No obstante, en este país se vive bajo el contradictorio paradigma de que la legislación es una cuestión completamente impersonal y avalorativa, y que en la misión del legislador se encuentra terminantemente prohibido beneficiar los intereses ciudadanos, pues lo único que se debe procurar es el interés social (por más vacío y/o deforme que resulte el concepto). Se tachan de parainstitucionales cuando no de indecentes las tareas de cabildeo, perpetuando así como único criterio legítimo para la configuración de la legislación el voto del representante que respondió a una reflexión personalísima y libre de contaminación de las ideas de sus representados (sin importar inclusive que ésta sea orden partidista): no vaya a ser que le confundan y le convenzan de defender lo que ellos consideran como debido.

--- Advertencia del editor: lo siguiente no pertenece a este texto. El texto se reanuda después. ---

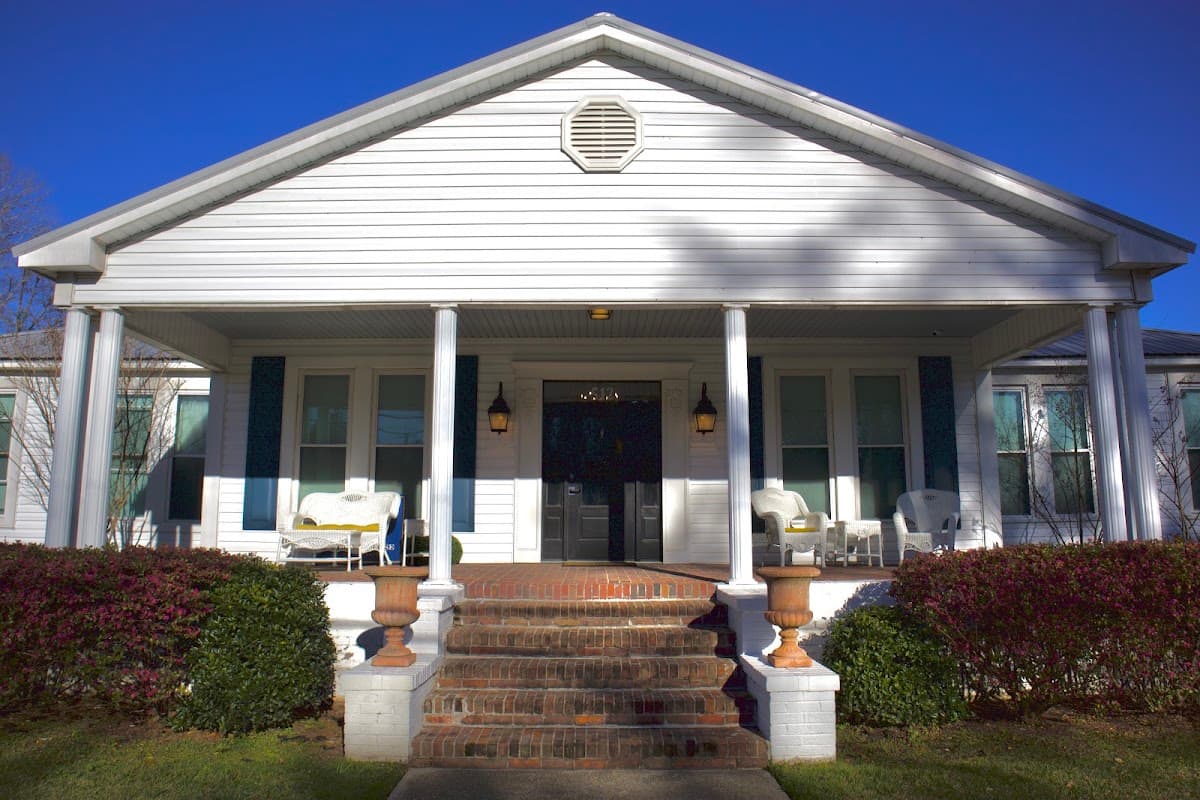 The Holley House Bed & Breakfast, Hotel in Brewton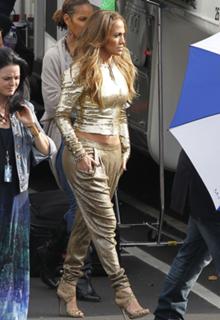 Jennifer Lopez feet photo thumbnail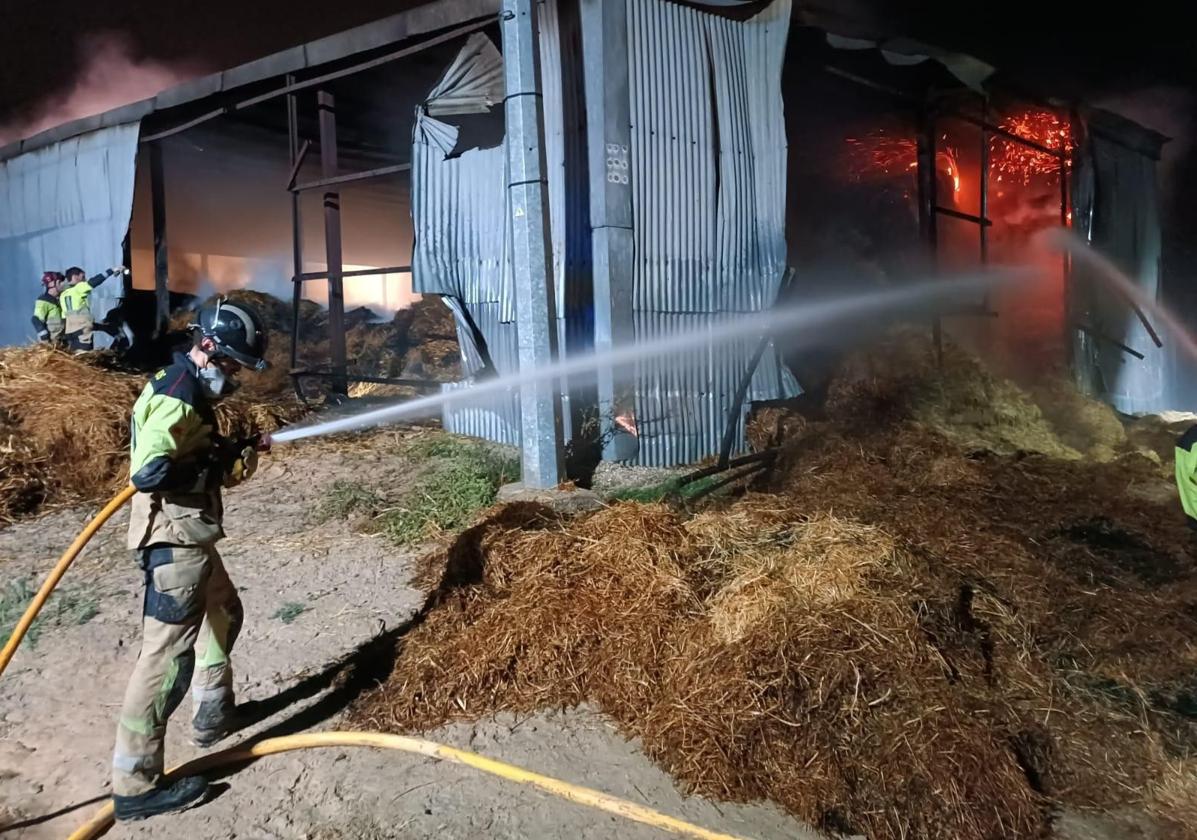 Los bomberos trabajando para apagar el incendio.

Esta animadversión a los intereses ciudadanos trae como consecuencia el repudio a cualquier práctica legislativa que osare a tomarlos en cuenta; los más puristas se persignan cuando de un pedazo de legislación se puede obtener un beneficio, no se diga ya un lucro pecuniario. Y es que la cruda realidad se ve magistralmente retratada por las declaraciones de Luis Alberto Villarreal, coordinador de la bancada del PAN en la Cámara de diputados: “Acción Nacional no acompañará en ningún momento a ningún dictamen, ningún texto que vaya encaminado a generarle ningún beneficio a ningún particular, sea o no sea legislador.[2] Vaya.

Si la legislación de Telecomunicaciones reglamentará la apertura del mercado y los mecanismos de introducción de empresas que puedan ofertar los servicios, se ve con recelo a quienes tendrán el capital necesario para entrarle al juego mercantil y con ello probablemente obtener ganancias. Pareciera que el interés social está en indisoluble pelea con los intereses particulares. El grito en el cielo es aún mayor cuando el legislador pretende beneficiarse legítimamente de la novedosa configuración legislativa. Que Purificación Carpinteyro se vaya a la hoguera por querer entrar en el mercado de las Telecomunicaciones, cuya apertura se ordena ya a nivel constitucional. Que se abstenga de opinar y debatir, que se prive de decidir y representar. En nuestro juego legislativo, ningún interés concreto es bien visto.

La democracia deliberativa como modelo en el que las decisiones colectivas atienden al debate y confrontación entre las diversas y variadas razones que representan a los diversos componentes de las sociedades multiculturales, es decir, sumas de peculiares, únicos e irrepetibles ciudadanos con infinitas multiplicidades de proyectos y expectativas de vida, sólo tendrá cabida en la medida en que se deje atrás la idea de una voluntad uniforme y colectiva, y se empiece a procurar la convergencia de intereses en el marco de la esfera de discusión de lo constitucionalmente decidible. La arena política –y cada uno de los que la conformamos- así lo exigimos.

TW: @AaSegura

[1] Una atinada crónica de los hechos se puede encontrar en la cadena de notas que empieza aquí.

[2] La nota aquí.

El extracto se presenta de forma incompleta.